The development of Machine Learning algorithms has followed a clear trend from initial simplicity to need-driven complexity. The journey of Neural Networks started with a Perceptron which consists of a simple weight matrix W — a summing function and an activation function for output, where output is given by:

*Output = f(Wx + b)*

*A Perceptron*

*Source: **Semantic Scholar*

However, the limitation with the single-layer perceptron is that it can only capture linear relationships, which has led to the development of Multi-layer Perceptron (MLP) — a multi-layer feedforward artificial neural network. MLP is more expressive and at the same time more complex to handle the non-linear relationship in the data.

But, a multi-layer perceptron also exhibits a certain limitation. This model does not take spatial structure into account and thus suffers from the curse of dimensionality.

*A multi-layer perceptron model*

*Source: **FAVPNG*

To overcome these limitations, various deep learning architectures like Convolutional Neural Networks (CNNs), Recurrent Neural Networks (RNNs) came into the picture.

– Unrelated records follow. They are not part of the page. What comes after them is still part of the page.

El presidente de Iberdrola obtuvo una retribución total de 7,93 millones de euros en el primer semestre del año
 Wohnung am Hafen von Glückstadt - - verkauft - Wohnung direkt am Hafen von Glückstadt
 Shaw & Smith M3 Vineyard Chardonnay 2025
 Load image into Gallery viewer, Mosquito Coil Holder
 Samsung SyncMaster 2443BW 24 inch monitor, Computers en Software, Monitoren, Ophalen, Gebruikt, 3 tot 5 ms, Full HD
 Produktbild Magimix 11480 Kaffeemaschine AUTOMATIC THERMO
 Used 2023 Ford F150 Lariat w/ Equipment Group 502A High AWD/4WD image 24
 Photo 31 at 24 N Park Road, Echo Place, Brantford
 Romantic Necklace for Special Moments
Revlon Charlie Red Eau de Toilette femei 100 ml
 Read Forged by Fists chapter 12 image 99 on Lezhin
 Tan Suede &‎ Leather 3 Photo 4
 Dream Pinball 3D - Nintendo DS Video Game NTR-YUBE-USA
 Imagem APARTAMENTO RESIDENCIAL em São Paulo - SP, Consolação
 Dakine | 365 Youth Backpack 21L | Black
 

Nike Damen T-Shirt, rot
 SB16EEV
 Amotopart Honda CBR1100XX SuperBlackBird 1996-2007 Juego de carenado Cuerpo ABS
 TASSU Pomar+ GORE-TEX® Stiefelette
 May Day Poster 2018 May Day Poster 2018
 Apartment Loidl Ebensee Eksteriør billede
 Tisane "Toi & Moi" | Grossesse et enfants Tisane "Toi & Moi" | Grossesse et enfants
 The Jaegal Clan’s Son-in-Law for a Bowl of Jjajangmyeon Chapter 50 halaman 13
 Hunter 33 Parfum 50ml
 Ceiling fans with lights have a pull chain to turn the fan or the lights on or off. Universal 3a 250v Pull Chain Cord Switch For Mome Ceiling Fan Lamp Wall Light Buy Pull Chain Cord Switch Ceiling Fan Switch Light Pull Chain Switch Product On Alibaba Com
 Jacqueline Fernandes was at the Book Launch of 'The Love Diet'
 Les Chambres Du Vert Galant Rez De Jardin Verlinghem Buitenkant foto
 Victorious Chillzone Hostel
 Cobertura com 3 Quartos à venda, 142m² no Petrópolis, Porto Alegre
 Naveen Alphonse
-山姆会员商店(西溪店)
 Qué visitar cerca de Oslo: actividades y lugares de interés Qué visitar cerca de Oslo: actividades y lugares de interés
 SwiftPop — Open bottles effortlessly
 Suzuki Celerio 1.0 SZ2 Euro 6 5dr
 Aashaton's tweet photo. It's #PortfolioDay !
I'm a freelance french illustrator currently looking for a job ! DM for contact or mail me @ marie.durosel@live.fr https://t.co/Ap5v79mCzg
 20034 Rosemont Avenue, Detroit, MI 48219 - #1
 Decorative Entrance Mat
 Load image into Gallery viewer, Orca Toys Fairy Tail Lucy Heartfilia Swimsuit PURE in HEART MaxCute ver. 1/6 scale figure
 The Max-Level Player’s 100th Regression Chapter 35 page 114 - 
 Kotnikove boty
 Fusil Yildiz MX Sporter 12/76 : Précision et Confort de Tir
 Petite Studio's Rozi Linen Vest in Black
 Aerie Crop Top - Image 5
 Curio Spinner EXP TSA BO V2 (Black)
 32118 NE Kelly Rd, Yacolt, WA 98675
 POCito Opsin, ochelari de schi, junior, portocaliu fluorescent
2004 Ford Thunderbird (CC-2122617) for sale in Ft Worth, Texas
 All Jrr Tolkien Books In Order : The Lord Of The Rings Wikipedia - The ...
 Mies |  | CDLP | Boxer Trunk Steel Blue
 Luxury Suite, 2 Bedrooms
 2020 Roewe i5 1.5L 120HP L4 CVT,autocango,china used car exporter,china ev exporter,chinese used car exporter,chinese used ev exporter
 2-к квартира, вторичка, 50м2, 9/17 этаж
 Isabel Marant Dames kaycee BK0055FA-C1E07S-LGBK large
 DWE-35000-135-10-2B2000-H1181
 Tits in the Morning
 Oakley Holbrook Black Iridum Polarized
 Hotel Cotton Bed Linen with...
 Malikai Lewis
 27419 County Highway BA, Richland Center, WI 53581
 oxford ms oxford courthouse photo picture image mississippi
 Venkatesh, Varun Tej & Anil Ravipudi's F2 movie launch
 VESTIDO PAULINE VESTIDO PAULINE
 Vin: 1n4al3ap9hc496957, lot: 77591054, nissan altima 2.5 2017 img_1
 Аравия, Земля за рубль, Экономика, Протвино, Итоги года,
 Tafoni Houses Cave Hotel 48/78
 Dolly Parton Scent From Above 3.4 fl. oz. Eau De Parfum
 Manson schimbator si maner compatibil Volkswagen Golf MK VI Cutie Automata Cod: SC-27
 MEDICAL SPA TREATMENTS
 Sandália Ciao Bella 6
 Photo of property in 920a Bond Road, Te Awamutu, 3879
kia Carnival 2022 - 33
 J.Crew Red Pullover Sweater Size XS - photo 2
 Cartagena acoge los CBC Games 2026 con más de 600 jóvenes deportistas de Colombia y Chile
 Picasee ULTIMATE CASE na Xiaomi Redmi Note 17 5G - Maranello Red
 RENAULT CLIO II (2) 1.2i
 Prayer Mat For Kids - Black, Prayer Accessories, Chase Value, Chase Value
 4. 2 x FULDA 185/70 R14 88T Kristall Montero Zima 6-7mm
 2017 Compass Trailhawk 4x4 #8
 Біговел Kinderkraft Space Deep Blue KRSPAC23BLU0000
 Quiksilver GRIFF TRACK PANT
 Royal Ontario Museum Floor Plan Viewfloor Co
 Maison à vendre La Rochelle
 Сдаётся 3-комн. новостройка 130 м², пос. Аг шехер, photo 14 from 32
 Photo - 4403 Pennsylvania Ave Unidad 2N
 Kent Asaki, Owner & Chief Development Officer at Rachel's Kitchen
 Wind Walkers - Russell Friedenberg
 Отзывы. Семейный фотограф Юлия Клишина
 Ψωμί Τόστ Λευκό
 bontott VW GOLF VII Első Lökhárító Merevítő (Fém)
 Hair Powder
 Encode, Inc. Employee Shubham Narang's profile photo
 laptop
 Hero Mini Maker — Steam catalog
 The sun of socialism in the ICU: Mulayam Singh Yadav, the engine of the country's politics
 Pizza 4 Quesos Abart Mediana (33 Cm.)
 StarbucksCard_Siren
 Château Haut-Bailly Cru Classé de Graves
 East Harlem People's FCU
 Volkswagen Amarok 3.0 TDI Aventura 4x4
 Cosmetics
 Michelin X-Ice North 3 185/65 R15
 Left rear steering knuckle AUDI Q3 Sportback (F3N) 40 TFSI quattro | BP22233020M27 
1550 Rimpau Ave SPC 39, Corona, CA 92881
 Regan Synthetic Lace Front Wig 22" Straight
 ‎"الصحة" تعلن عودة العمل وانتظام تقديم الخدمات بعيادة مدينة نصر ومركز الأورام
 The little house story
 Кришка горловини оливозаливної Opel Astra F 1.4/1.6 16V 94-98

For example, in a CNN architecture, there are three integral operations: Pooling, Convolution, and operations in the Fully Connected Layer. The convolution layer helps in extracting features from the data while the pooling layer is used to reduce the spatial dimensions of the input and the computational complexity of the model that also helps in controlling overfitting.

*An architecture of CNN for the image classification task*

*Source: **mc.ai*

**The Inception of Graph Convolutional Network**

Most of the deep neural network architectures like CNN, RNN are used for applications like:

**Natural Language Processing (NLP):**use cases include Speech Recognition, Text Classification, and several others.**Computer Vision Applications:**frequent occurrence in Face Recognition, Image Classification, Action Recognition, etc.

It’s been also observed that a lot of real-world data does not ** ‘live’** on grids. Some relatively common examples include:

- Social Networks (Eg: Facebook, Twitter)
- Communication Networks (Eg: road, wireless, internet)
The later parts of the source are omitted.